Não dão capital para financiar essas empresas?
_O programa da Comissão Europeia não permite que financiemos os projetos em si. Este financiamento que recebemos da Co­missão, juntamente com o dos parceiros, vai servir para colocar o projeto em anda­mento, que tem dois anos de duração e vá­rios momentos importantes ao longo do percurso, como a conferência internacio­nal em Lisboa, na Gulbenkian, outra a meio deste período de dois anos, em Cardiff, so­bre intergeracionalidade – os ingleses, so­bretudo na região de Gales, são muito for­tes no empreendedorismo sénior de de­sempregados –, e uma conferência final, em Barcelona.

Qual é a sua expetativa para o final destes dois anos?
_O programa Progress tem uma finali­dade muito concreta, que é a configura­ção de novas políticas públicas. Para isso é que se faz experimentação social. Nós, com este projeto, vamos identificar se va­le ou não a pena conceber uma política pú­blica que promova o empreendedorismo intergeracional. Os programas de apoio ao empreendedorismo, normalmente, promovem jovens empreendedores as­sociados a um tutor; nós damos um pas­so em frente, pensamos numa política de empreendedorismo intergeracional. Isto obrigaria a uma colaboração entre vários departamentos, daí termos criado, com es­te projeto, um conselho de seguimento on­de estão representados diversos organis­mos oficiais que são observadores e que no final, farão as suas recomendações. A experimentação social é importante pa­ra evitar políticas públicas desnecessárias e fomentar as que são necessárias.

Será uma prova para a Santa Casa, o seu de­partamento, os parceiros envolvidos e para todo o país, uma vez que o programa não está restrito à capital?
_Penso que sim. É um projeto de âmbito nacional e europeu, porque as respostas que vamos encontrar serão replicáveis a nível da Europa. Eventualmente, poderia configurar uma política europeia.

A importância deste projeto justifica, então, que tenha sido um dos cinco escolhidos para atribuir financiamento, entre 128 candidatu­ras a nível europeu?
_Entre 128, escolheram cinco finalistas.

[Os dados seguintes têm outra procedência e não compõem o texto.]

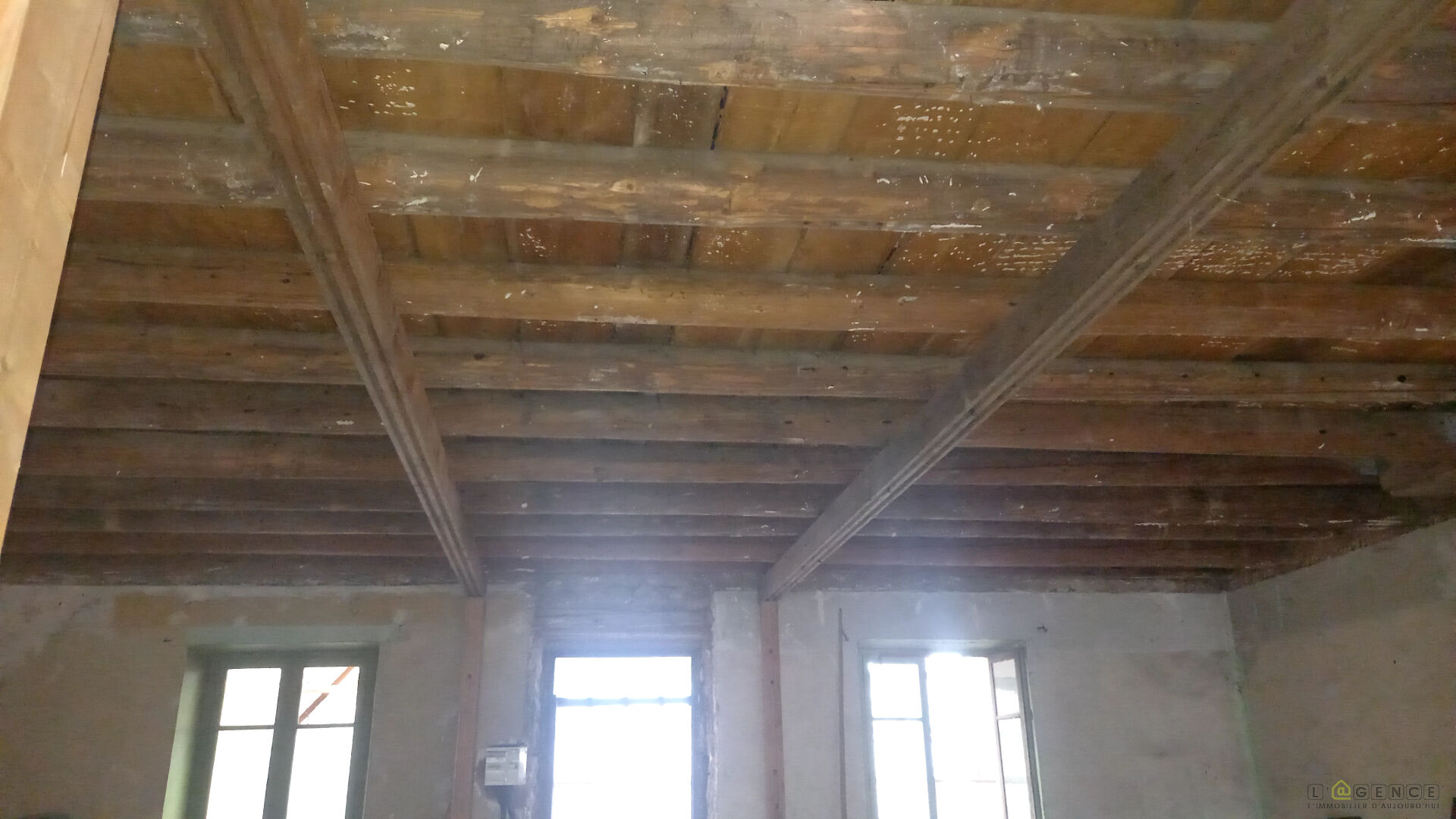 Photo APPARTEMENT EN DUPLEX A RÉNOVER image 6/6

Foi o único projeto português contempla­do e recebemos o financiamento máximo à taxa máxima. Se houvesse uma escala de classificação, teríamos ficado em primei­ro lugar.

Como é que pensa que os portugueses irão responder a este projeto?
_Por uma questão de necessidade, haverá com certeza muitos jovens e senio­res que veem aqui a oportunidade de le­var para a frente um projeto empresarial. Nós gostaríamos que os projetos fossem em áreas estratégicas para a economia nacional, mas para já trata-se ainda de pequenas startups.

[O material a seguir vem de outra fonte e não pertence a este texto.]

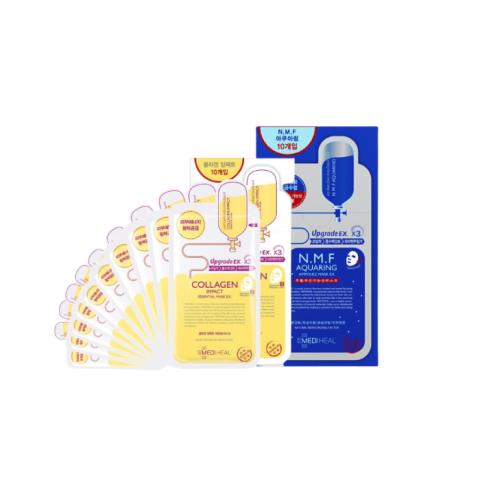 Mediheal Hero Mask Set A Mediheal Hero Mask Set A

Há limite de participantes?
_Não há limite de participantes mas, no final do matching, só podemos ter entre vinte e trinta equipas, que podem ser for­madas por dois jovens e dois seniores. Com mais de quatro pessoas é difícil fazer uma experimentação. Depois, será um projeto de empreendedorismo como qualquer ou­tro, estaremos lá para apoiar. As empresas familiares são isto, uma geração que passa para a outra um projeto empresarial que já existe. Neste caso, vão ter de o criar!

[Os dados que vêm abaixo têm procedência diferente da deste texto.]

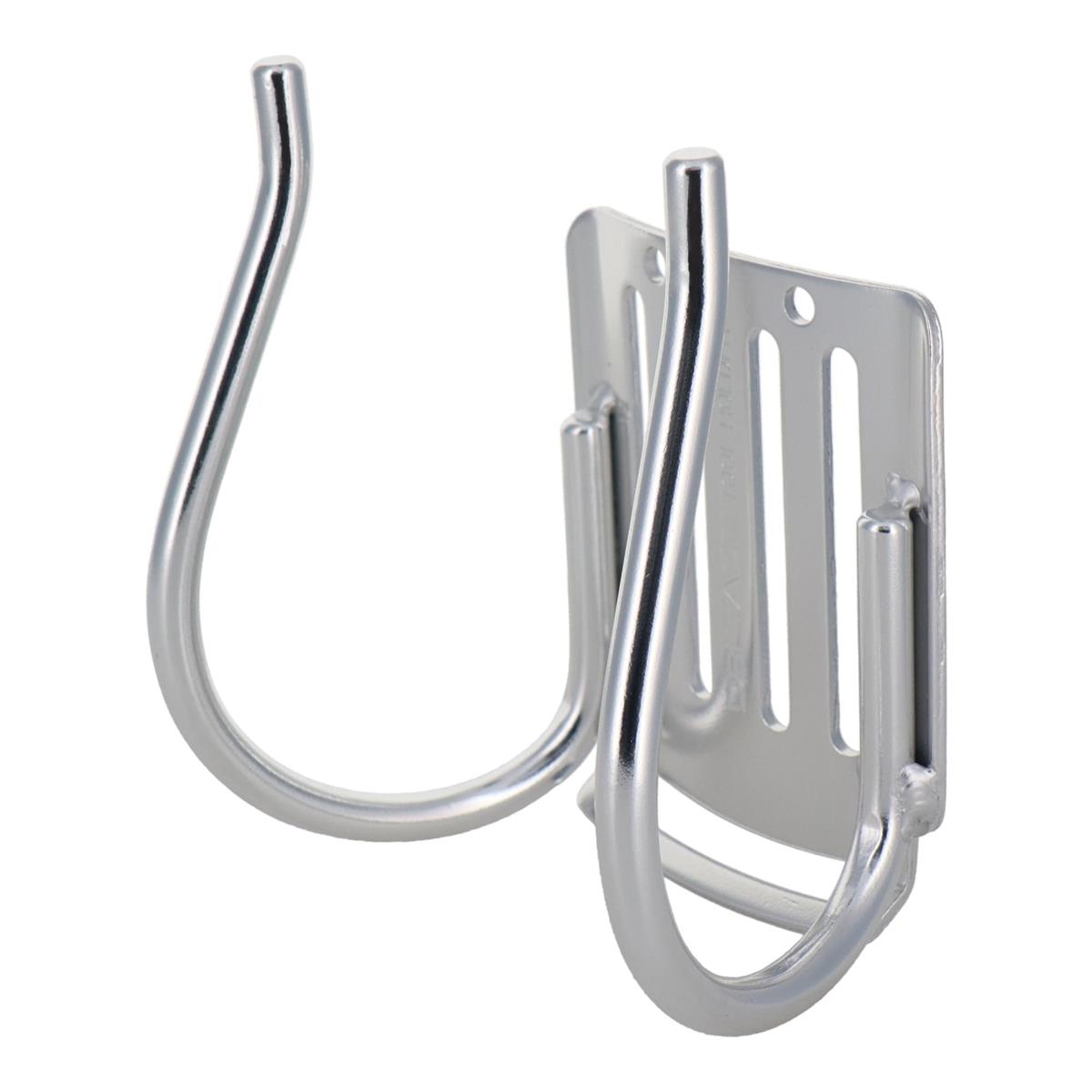 三共コーポレーション DBLTACT 軽量アルミツールフック シルバー DT-ATH-11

QUEM É MARIA DO CARMO MARQUES PINTO?
Formada em Assuntos Europeus, esteve dez anos no Conselho da União Europeia, integrou o governo da Catalunha, criou a Fundação Catalunha Portugal e acompanhou a adesão da Bulgária à UE. Hoje, dirige o Departamento de Empreendedorismo e Inovação Social da Santa Casa de Misericórdia de Lisboa.